Case Presentation: A 70-year-old male with a medical history significant for transurethral resection of bladder tumor and lung adenocarcinoma presented with diaphoresis and subjective fever 4 days after undergoing an uncomplicated aortic extension cuff placement for an abdominal aortic aneurysm. The patient was hemodynamically stable. Labs notable for leukocytosis of 18.4X10E9 cells/liter. CT abdomen demonstrated inflammation and fat stranding around the excluded aneurysmal sac and no additional endoleak. With concern for postoperative infection, empiric Vancomycin and Piperacillin/Tazobactam was initiated. The next day, fever of 38.3C and multiple episodes of diarrhea developed. Stool CD toxin returned negative. On Day 5, antibiotics were stopped due to suspicion for antibiotic-associated diarrhea. Diarrhea improved but leukocytosis worsened to 38.7X10E9 cells/liter. Multiorgan failure ensued with unstable hemodynamics requiring intubation and transfer to the Intensive Care. Antibiotics were changed multiple times with no improvement in clinical condition. On Day 26, blood cultures from Day 22 were identified as CD by RapID ANA II System. Antibiotics were changed to IV metronidazole to cover CD bacteremia and meropenem IV for the non-perfringens Clostridium bacteremia found on cultures from Day 8. Both isolates were identified concurrently as CD by matrix-assisted laser desorption/ionization time-of-flight mass spectrometer (MALDI-TOF). At this point, antibiotics were changed to vancomycin IV. Repeat stool CD toxin was negative. On Day 32 the patient passed after developing metabolic lactic acidosis and worsening hypotension. Source control was unable to be achieved due to the patient being a poor surgical candidate.
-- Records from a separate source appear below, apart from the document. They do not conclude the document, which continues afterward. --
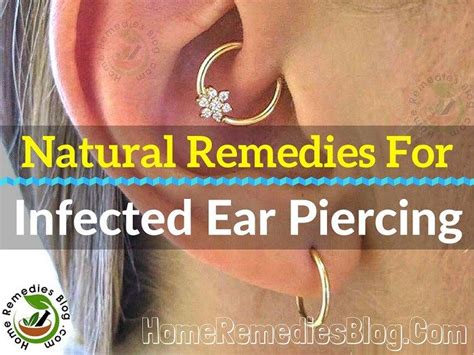How do you treat an infected ear piercing naturally?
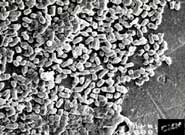 Germs magnified x100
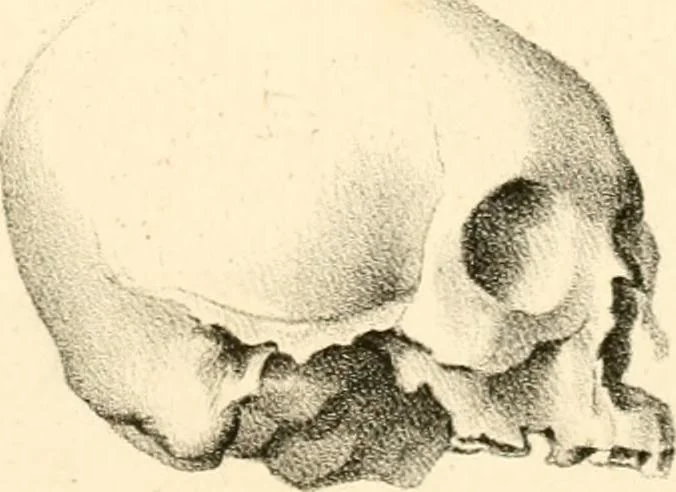 An illustration from Grundzüge der Phrenologie; oder, Anleitung zum Studium dieser Wissenschaft, mit Berücksichtigung der neueren Forschungen auf dem Gebiete der Physiologie und Psychologie, 1856, leaf 632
Discussion: According to the Centers for Disease Control (CDC), approximately 500,000 people acquire infection from Clostridium difficile (CD), resulting in approximately 15,000 deaths. Rarely does CD present as an extraintestinal manifestation [1]. To date, ~140 cases of CD bacteremia have been reported [1-5]. The patient had a persistent CD bacteremia but stool toxin was negative complicating the course. MALDI-TOF confirmed CD. Two blood culture isolates were indistinguishable by whole genome sequencing, were toxigenic and belonged to multi-locus sequence type (ST) 42, a fairly common hospital-associated lineage also known as ribotype 106. The primary source of infection was unclear but we can theorize that the intravascular device from the initial surgical procedure was the source. Various treatment combinations have been attempted for CD bacteremia with variable results [3-5]. Review of literature demonstrated a case report that successfully treated CD bacteremia with surgical intervention and long-term antibiotics [2]. Source control was not achieved in this case due to the patient being a poor surgical candidate. CD bacteremia remains a disease of poor prognosis with a mortality rate of 35% [5].

Conclusions: We present a rare case of CD bacteremia with no symptoms of colitis and a negative stool toxin in a patient with prior Endovascular Aortic Aneurysm Repair. In addition to antibiotic therapy, management of CD bacteremia requires identification of the source of infection and resolution of infection at the source. The treatment of CD bacteremia is increasingly complicated by the occurrence of multidrug-resistant strains. There is no direct data demonstrating benefit of combination therapy in CD bacteremia and further work is needed in this field.

IMAGE 1: CT abdomen demonstrated inflammation and fat stranding around the excluded aneurysmal sac and no additional endoleak.